3° Tappa: JenbachRio di Pusteria (circa 100 km, interrotti a metà giornata dal diversivo bici+ treno da Innsbruck al Brennero)

L’inizio di tappa è facile, ed è lungo la ciclabile dell’Inn. Due gradevolissime cittadine che si incontrano sull’itinerario sono Hall e Schwaz dove in passato probabilmente regnava un’atmosfera paragonabile alla febbre dell’oro. Nella prima per via dell’intensa estrazione di salgemma, che garantiva cospicui profitti assieme all’imposizione del “pizzo” a chiunque volesse passare in quel punto sull’Inn, nella seconda in virtù dello sfruttamento di immensi filoni d’argento. Le tracce dell’antica prosperità economica sono evidenti nella ricchezza dei monumenti. Pedalo e, dappertutto, attorno a me illustri memorie architettoniche e artistiche sono esibite in quantità clamorosa. A Schwaz il Municipio, la Fuggerhaus, abitazione dei conosciuti banchieri e la Parrocchiale di Nostra Signora. Quest’ultima è un’enorme chiesa in stile gotico, il cui tetto è rivestito da oltre 15.000 lastre di rame. Un tempo nella navata di sinistra assistevano alla messa i cittadini e in quella di destra i minatori, segregati da una parete in legno alta tre metri. A Hall l’emblema della città è la Torre della Zecca (Münzerturm), che svetta sul paesaggio circostante con la caratteristica copertura verderame e si innalza accanto al Castello Hasegg, costruito a difesa dei calderoni e del magazzino del sale e collegato con la cinta muraria. Fu l’Arciduca Sigismondo il Danaroso che nel 1477 decise di spostare la zecca da Merano a Hall per avvicinarla alla miniera d’argento di Schwaz. Infatti qui si coniava una sonante moneta d’argento, il tàllero, così preziosa da avere un valore equivalente a un fiorino d’oro.

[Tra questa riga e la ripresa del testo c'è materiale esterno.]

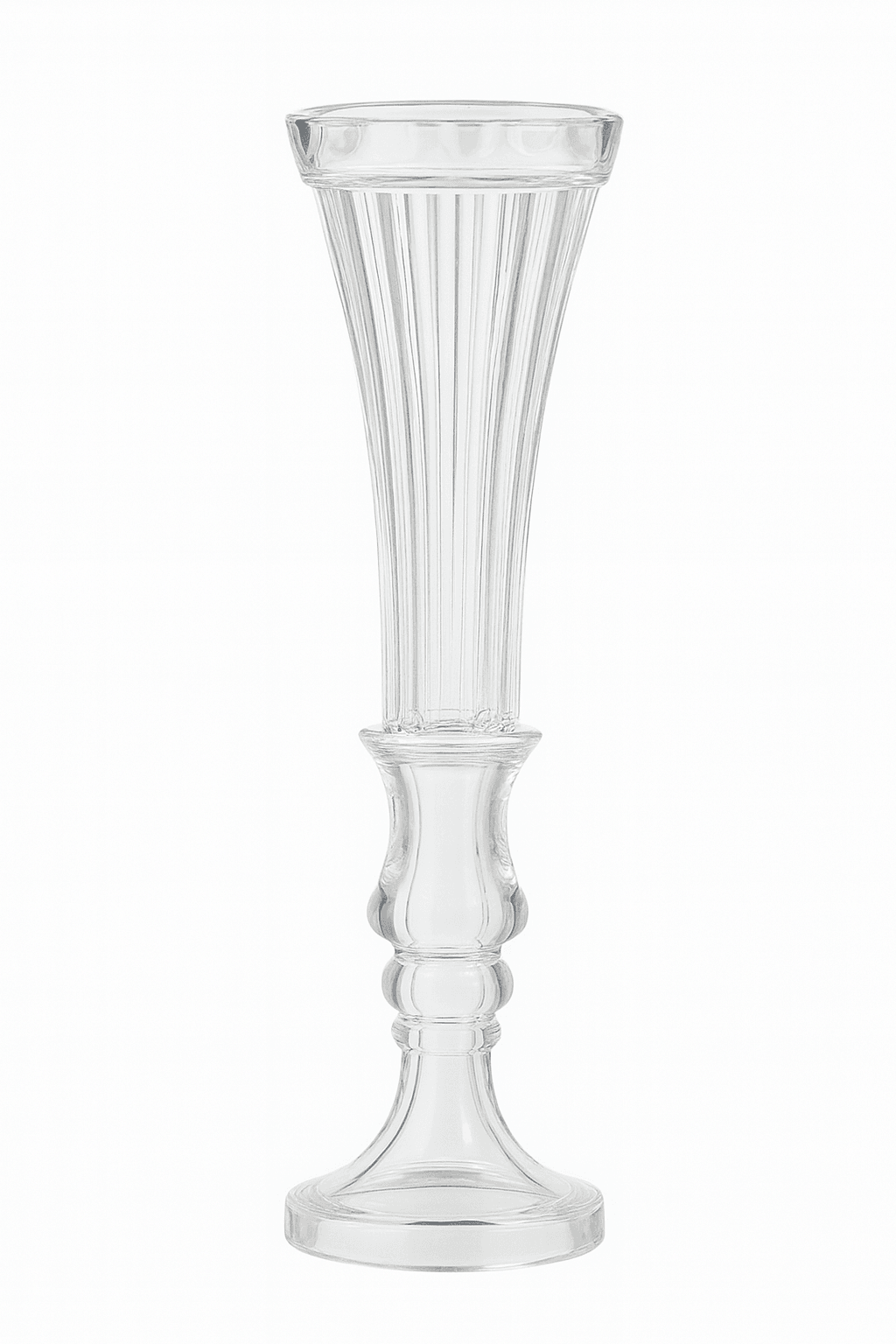 Vase 1 - Transparent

Fra Schwaz e Hall, si trova Wattens, dove l’attrazione principale è “Mondi di Cristallo” di Swarovski, originale museo della fabbrica, che racchiude le più curiose e celebri opere di artisti, realizzate per lo sfavillante marchio.

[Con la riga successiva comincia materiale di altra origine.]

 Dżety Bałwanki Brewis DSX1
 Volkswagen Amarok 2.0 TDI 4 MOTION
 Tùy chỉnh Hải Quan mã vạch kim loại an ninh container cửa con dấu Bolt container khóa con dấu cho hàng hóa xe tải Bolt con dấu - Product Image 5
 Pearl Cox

L’ultima sosta prima di recarsi alla stazione ferroviaria è Innsbruck, dove i turisti arrivano a ciclo continuo, per cui si è obbligati a scendere dal velocipede e a camminare a singhiozzo per bersagliare di foto l’arcinoto Tettuccio d’Oro, l’imponente duomo di San Giacomo, la cupola della Hofburg, la gotica Hofkirche…

Dai finestroni del treno guardo le Alpi austriache, che si ergono come stegosauri dal dorso crestato e immagino che mi diano delle pacche sulle spalle come per dire: “Su, tra poco sarai tu a dover andare in giostra sull’ottovolante delle nostre schiene”. Il convoglio ci impiega 35 minuti per trasportarmi dal capoluogo del Tirolo Settentrionale al Brennero. Poi schizzo veloce per una mega discesa che ricorda l’andamento contorto dei vermi e, con le gambe che ringraziano, giungo a Vipiteno. L’arrivo nel paese dello yogurt è salutato dalla Torre delle Dodici, da insegne in ferro battuto e davanzali fioriti.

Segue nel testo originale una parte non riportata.